Excited about this within the context of Virginia Woolf’s meditation on how to hear your soul and Nick Cave’s insistence on the creative power of trusting yourself, I used to be reminded of some fantastic passages I had saved from varied interviews Lucille Clifton (June 27, 1936–February 13, 2010) gave over the course of her lengthy and luminous life.

Lucille Clifton, 1995. ({Photograph}: Afro American Newspapers/Gado/Getty Photos)

A century after the polymathic Nobel laureate Henri Bergson thought-about the interplay of intuition and the intellect in the creative work of science, Clifton takes up the query as associated to artwork in a Rattle journal interview from the winter of 2002, reflecting on the place a poem comes from:

You may homicide poems, I imply, I’ve achieved it, once you begin pondering too onerous in your personal manner and also you begin intellectualizing, as a result of I believe a poem has to come back from mind and instinct. In case you get an excessive amount of instinct you’ve gotten sentimentality, which isn’t good, and with an excessive amount of mind, it has a complete lot of stuff that no person is aware of nor cares.

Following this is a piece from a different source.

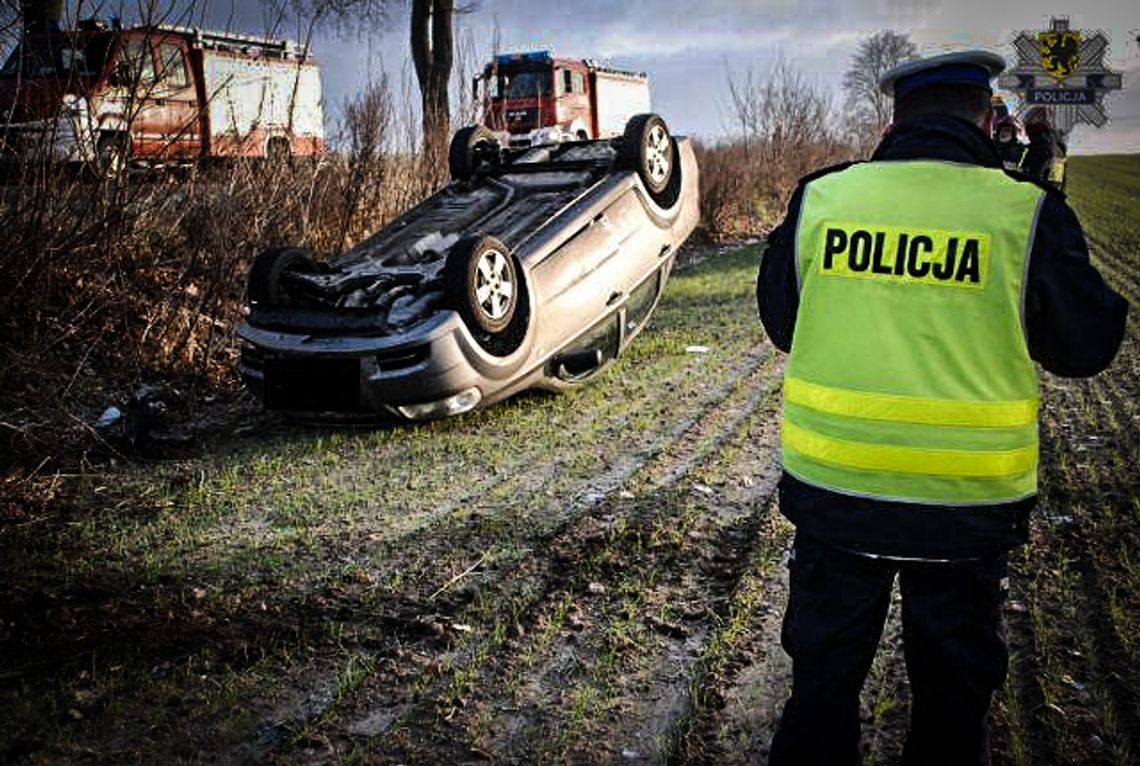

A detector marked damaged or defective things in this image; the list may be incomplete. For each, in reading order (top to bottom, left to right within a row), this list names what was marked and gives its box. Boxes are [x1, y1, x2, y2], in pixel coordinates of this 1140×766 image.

overturned car [237, 115, 697, 419]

However a poem, it’s about a complete human and speaks to the entire human and it has to come back from a complete human, so that you contain all of your self.

Within the last years of her life, in another interview, Clifton revisits the topic of this built-in totality of being and methods to hear its voice:

A human will not be sections, will not be elements. Stanley Kunitz says that poetry is the story of what it means to be human on this place, at the moment… If one thing needs to be stated — the poem — the poem is aware of that I’ll settle for it… You enable it in your self. You enable it to do its work in you.

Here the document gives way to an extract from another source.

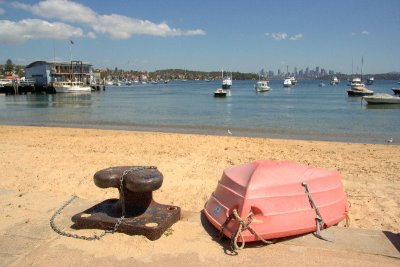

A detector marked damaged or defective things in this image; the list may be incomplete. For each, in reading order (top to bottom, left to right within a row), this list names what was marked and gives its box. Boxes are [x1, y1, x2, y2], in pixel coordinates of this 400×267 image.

Poetry could be so therapeutic exactly as a result of it springs from that deepest place of reckoning with what it means to be human — the place we search with the mind however contact with the instinct. And down there within the depths, we don’t a lot differ from each other, sharing the identical primary longings, the identical primary fears. Clifton displays:

Poetry can heal. As a result of it comes from a coronary heart, it could possibly communicate to a different coronary heart.

[…]

Any individual requested me why is it that I need to heal the world. I need to heal Lucille Clifton! And luckily, I’m very human similar to all the opposite ones, all the opposite people.

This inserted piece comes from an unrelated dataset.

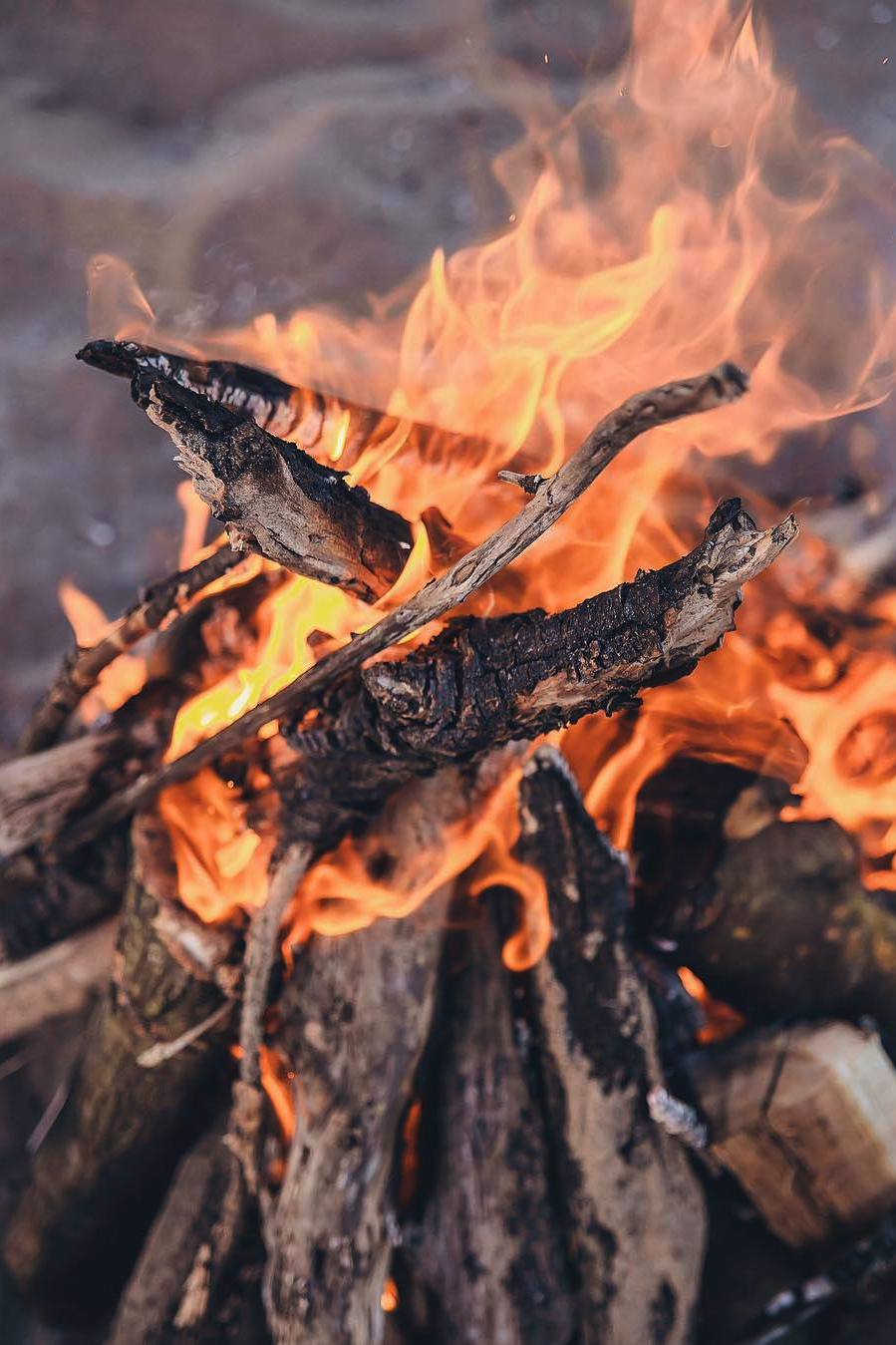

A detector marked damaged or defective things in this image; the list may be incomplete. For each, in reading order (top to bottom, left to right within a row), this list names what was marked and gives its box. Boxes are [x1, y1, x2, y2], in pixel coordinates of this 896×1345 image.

scorched wood [134, 371, 413, 598]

With an eye fixed to what it means to be a poet, she provides a sentiment equally true of any artistic endeavor:

I didn’t graduate from faculty, which isn’t essential to be a poet. It is just essential to be enthusiastic about people and to be in contact with your self as a human.

Complement with Clifton’s traditional “won’t you celebrate with me” — a residing testomony to this poetry of personhood turned artwork — and her spare, gorgeous ode to the common ground of being, then revisit Wendell Berry on how to be a poet and a complete human being and Anne Gilchrist — Whitman’s most beloved pal — on inner wholeness and the key to a flourishing soul.